FACTBOX: Afghan supply routes: problems and possibilities

Suspected Islamist militants blew up a bridge in northwestern Pakistan’s Khyber Pass Tuesday, cutting the main route for supplies bound for Western forces in land-locked Afghanistan, Pakistani officials said.

The easiest land route for supplies and military equipment into Afghanistan is by ship to the Pakistani port of Karachi, and then by truck through Pakistan and into Afghanistan.

But militant attacks that intensified last year have forced the U.S. and other Western forces to look for alternatives through central Asia and Russia into northern Afghanistan.

Following are some facts about the Pakistani routes and the alternatives:

THE ROUTES AND SUPPLIES

There are two routes through Pakistan into Afghanistan, one through the Khyber Pass in northwest Pakistan to the border town of Torkham and on to Kabul. The other goes through Pakistan’s Baluchistan province to the border town of Chaman and on to the southern Afghan city of Kandahar.

The U.S. military and NATO have not given details of the supplies they get via Pakistan or a breakdown of how much comes on the two routes. The U.S. Defense Department says the U.S. military sends 75 percent of supplies for the Afghan war through or over Pakistan, including 40 percent of fuel.

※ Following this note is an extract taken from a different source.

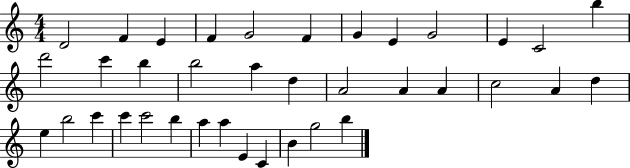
D4/h F4/q E4/q F4/q G4/h F4/q G4/q E4/q G4/h E4/q C4/h B5/q D6/h C6/q B5/q B5/h A5/q D5/q A4/h A4/q A4/q C5/h A4/q D5/q E5/q B5/h C6/q C6/q C6/h B5/q A5/q A5/q E4/q C4/q B4/q G5/h B5/q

Pakistani customs officials say under normal circumstances about 300 trucks with Western force supplies travel through the Khyber Pass crossing at Torkham every day, compared with about 100 through the Chaman crossing.

The responsibility for equipping forces within NATO’s Afghan force lies with each country. Some imported supplies for the fledgling Afghan armed forces, which the United States and its allies are building up, also come through the Pakistani routes.

THE TROUBLE

Khyber is one of seven so-called agencies in Pakistan’s Federally Administered Tribal Areas. The area is awash with weapons and inhabited by ethnic Pashtun tribes.

Under a system inherited from colonial Britain, a government “political agent” administers through tribal elders meant to maintain peace and keep open the road through the pass to the border.

Pakistani Taliban stepped up attacks on trucks last year. They have also attacked staging areas outside Peshawar and at Torkham. The attacks have disrupted supplies but, before Tuesday, the route has only been briefly closed twice since September.

The route through Chaman has been largely free of attacks on the Pakistan side, although the section passing through Afghanistan from the border town of Spin Boldak to Kandahar has seen Taliban attacks.

THE ALTERNATIVES

The chief of the U.S. Central Command, General David Petraeus, said last month agreements had been reached for new transport routes for Western Forces into northern Afghanistan through Central Asian states and Russia. He did not give details.

Apart from Pakistan, Afghanistan has a border with Iran to the west, Turkmenistan to the northwest, Uzbekistan and Tajikistan to the north, and a sliver of remote mountainous territory with China in the far northeast.

Afghan-bound supplies coming by ship would have to dock at ports in the Mediterranean (Turkey), the Black Sea (Russia or Georgia), or at other Russian ports.

From Russia, goods would most likely have to cross Kazakhstan and Uzbekistan and into northern Afghanistan.

Another possibility for goods off-loaded in Georgia or Turkey could be through Azerbaijan, then across the Caspian Sea to Turkmenistan and then into northwest Afghanistan.

Iran could provide a convenient and cheap link from its port of Chabahar to western Afghanistan but tense ties with the United States would appear to rule out that route for military supplies for the U.S.-led effort in Afghanistan.